Et c’est vrai qu’en tournant ces pages, on repense nécessairement au 13 novembre 2015. Surtout lorsqu’on découvre les témoignages des victimes ou les sms à leurs proches, que l’auteur a tenu à reproduire :
« Eddie Jamoldory Justice, trente ans, qui a envoyé des textos à sa mère depuis les toilettes où il espérait se protéger.
Mommy I love you
In the club they shooting
Trapp in the bathroom
I’m gonna die »
Dans son livre, le journaliste mêle à la tuerie sa propre histoire, a priori éloignée de celles des victimes en majorité latinos d’Orlando : celle d’un jeune français homo, un « smalltown boy » breton, expatrié à New York. Mais qui connaît intimement l’importance de ces sanctuaires que sont les clubs gays:
« Je pense que tous les homos se rappellent la première fois où ils sont rentrés dans un bar gay. Qu’ils soient heureux ou malheureux quelque chose dans leur vie change ce jour-là. C’est une forme de dépucelage. Le trait d’union entre eux et moi, c’est le lieu: le club gay. Ce sont des endroits de fête mais aussi de mémoire, d’abri, de combats, de rencontres amoureuses… Mais aussi d’une grande diversité sociale où, comme je l’écris, « un député danse parfois avec un étudiant un P-DG avec un chômeur. »
Beyoncé et Harvey Milk
J’irai Danser à Orlando est un livre de fête célébrant la pulsion de vie. Un récit éclaté, à mi-chemin entre essai, journal de bord et reportage, traversé par la musique des icônes gays, de Madonna à Beyoncé (qui était jouée dans le club au moment où la tuerie) en passant par Bowie, Jimmy Somerville ou Frank Ocean. C’est l’occasion pour le journaliste de dresser une cartographie des combats de la communauté LGBT+ américaine: de Stonewall à la lutte contre le sida, de Harvey Milk au coming out d’Ellen DeGeneres. Mais aussi de revenir plus concrètement sur la pudeur étrange des médias français —ou de la classe politique— toujours gênés lorsqu’une information touche à l’homosexualité (comme on a encore pu le vérifier lors du meurtre du policier Xavier Jugelé). Extraits:
« Quelques mots en ouverture d’un talk show léger de divertissement sont plus justes que les unes de la presse française que je découvre au même moment sur ma boite aux lettres électronique.

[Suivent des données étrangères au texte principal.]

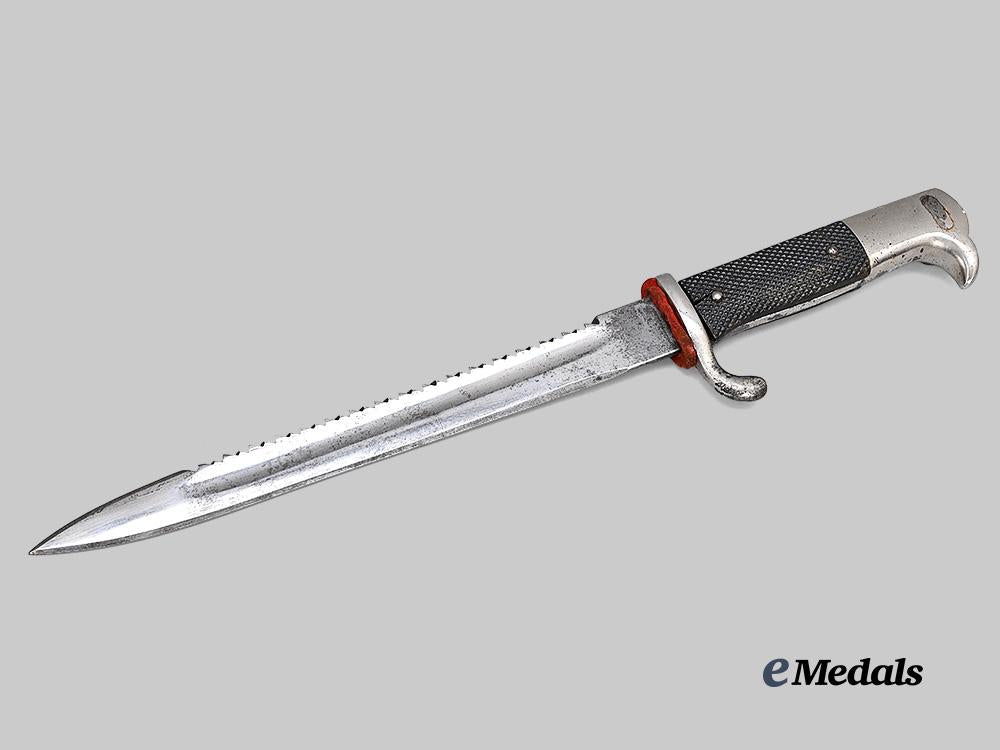 germany,_heer._a_dress_bayonet,_sawback_variant,_unmarked_example_e_medals__g62619_5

« Orlando, nouvelle plait béante » en manchette de Libération, « La terreur et la haine » en une du Figaro. Toutes, sauf celle de Sud Ouest, « Un massacre homophobe lié à Daesh », omettent de faire référence à la cible homosexuelle. Au nom de la méfiance du communautarisme, nous nous gardons d’identifier des communautés pour ce qu’elles sont, en préférant oublier que ces homos, ces hétéros, ont été fauchés parce qu’il étaient allés, heureux et fiers, danser dans un club de pédés.
Comme si l’Hypercasher ou l’école juive de Toulouse n’étaient pas des attentats antisémites. Comme si l’attaque avortée d’une église à Villejuif ne visait pas les chrétiens. »
Vice-président homophobe « sans aucune honte »
Avec une écriture prudente mais élégante, le livre s’étire sur fond de campagne américaine, de débats sur les armes à feu et surtout et tente de mettre à jour une homophobie qui hante l’Amérique depuis toujours, bien avant l’horreur de Daesh : de la militante homophobe Anita Bryant à Mike Pence, vice-président homophobe « sans aucune honte » de Donald Trump, du meurtre du jeune Matthew Shepard aux messages de haine postés sur les vidéos Periscope prises par le journaliste pendant la fusillade, jusqu’à l’indécence des membres de l’Église Westboro qui le jour de la gay pride de Orlando brandissent des pancartes « Dieu déteste les pédés » le long du cortège. Mais malgré cette haine inouïe, et peut-être même contre elle, les homosexuels d’Orlando, de Paris ou d’ailleurs, n’ont pas fini de danser.
J’irai danser à Orlando de Philippe Corbé, ed. Grasset (360 pages). En librairie.